Há, assim, um cenário em que o Judiciário se vê emparedado pelo Legislativo. Este, por sua vez, está hipertrofiado, avançando tanto contra o Judiciário, quanto contra o Executivo, ao abocanhar nacos do orçamento público. O Executivo, intimidado, está refém de um tipo de semipresidencialismo, em que a defesa dos direitos da população LGBTQIAPN+ contra as ameaças empreendidas pela extrema-direita via Legislativo não é uma de suas prioridades.
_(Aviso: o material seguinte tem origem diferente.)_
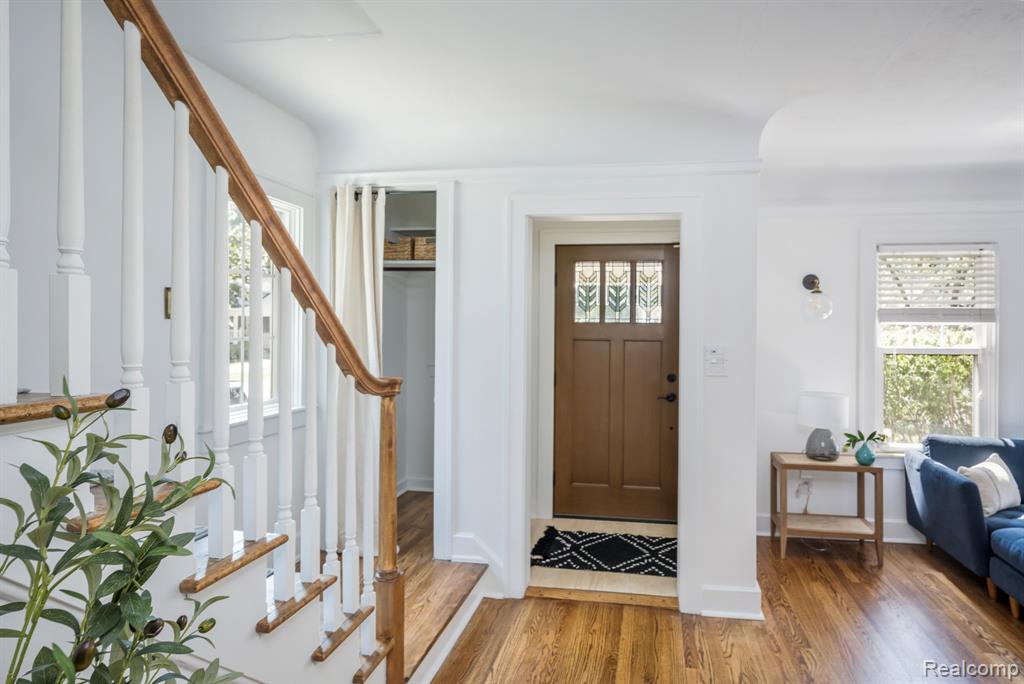 452 W Lewiston Avenue, Ferndale, MI 48220 — Photo 2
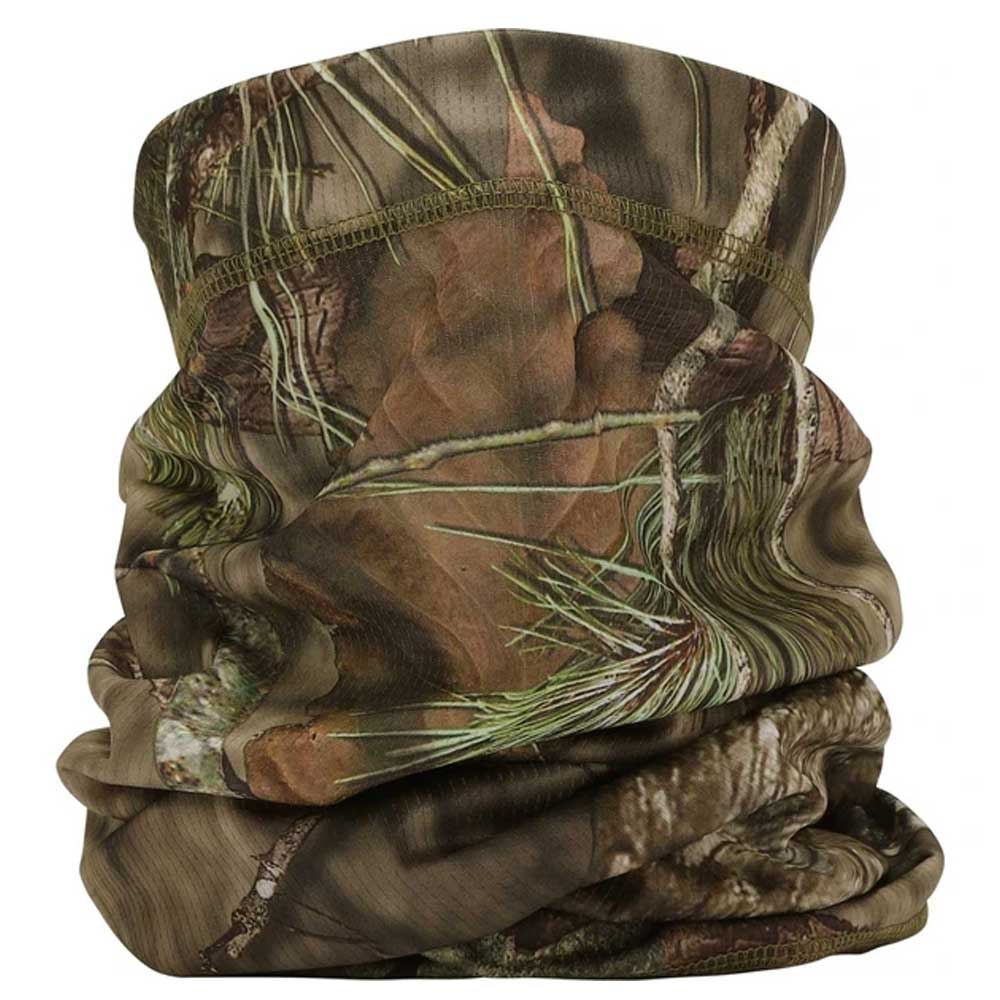 HARKILA Moose Hunter 2.0 Neck Gaiter - Mossy Oak Break-Up Country Harkila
A melhor estratégia de resistência, neste momento, para a população LGBTQIAPN+ é institucionalizar-se para ocupar os espaços de poder e fazer as disputas possíveis onde elas estão acontecendo: isso demanda muito trabalho de advocacy junto ao Judiciário, ao Legislativo e ao Executivo, como forma de vocalizar as demandas da sociedade civil por meio dos instrumentos que a lei garante. São exemplos as petições de amici curiae em ações judiciais relevantes, o acionamento do Ministério Público em casos de direitos coletivos, difusos e individuais homogêneos, bem como o acompanhamento de projetos de lei para neles incidir estrategicamente.
Todo esse trabalho institucional, porém, deve ter em conta a noção de que existe um contexto maior de conflito entre atores e poderes políticos, e nem sempre se conseguirá avançar – por vezes, será possível apenas barrar retrocessos. Isso não significa abdicar do direito de lutar por uma sociedade igualitária, mas atuar estrategicamente para que os esforços e a energia do movimento LGBTQIAPN+, que são limitados, sejam efetivos na luta por direitos.